-- Exercise details --
Drop the images; return everything else in the listing below exactly.

-- Data segment --
------------------------------------------------
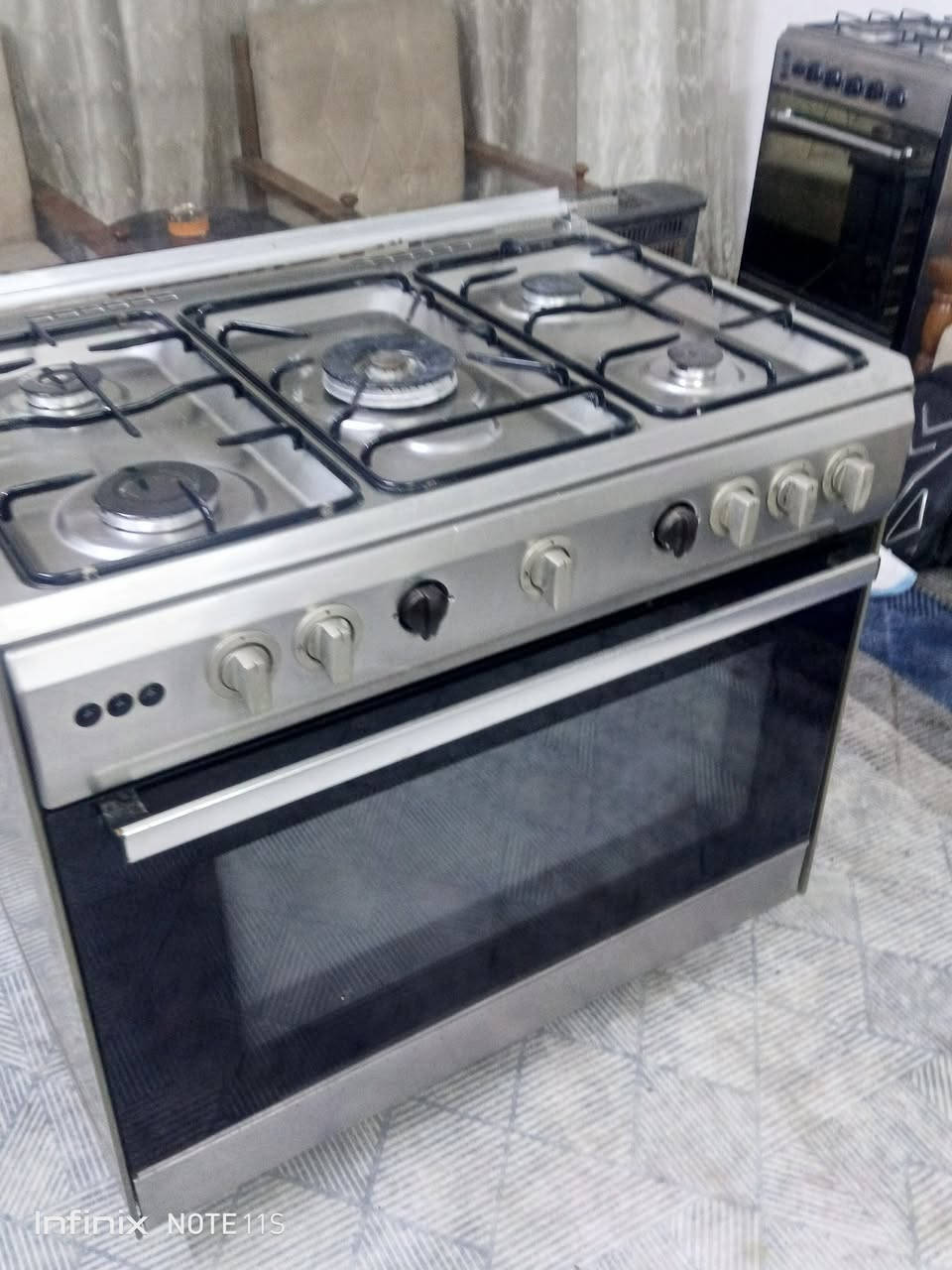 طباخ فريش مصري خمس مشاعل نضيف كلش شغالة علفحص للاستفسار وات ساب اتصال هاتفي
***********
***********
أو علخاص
------------------------------------------------
-- Response to the exercise --
 طباخ فريش مصري خمس مشاعل نضيف كلش شغالة علفحص للاستفسار وات ساب اتصال هاتفي
***********
***********
أو علخاص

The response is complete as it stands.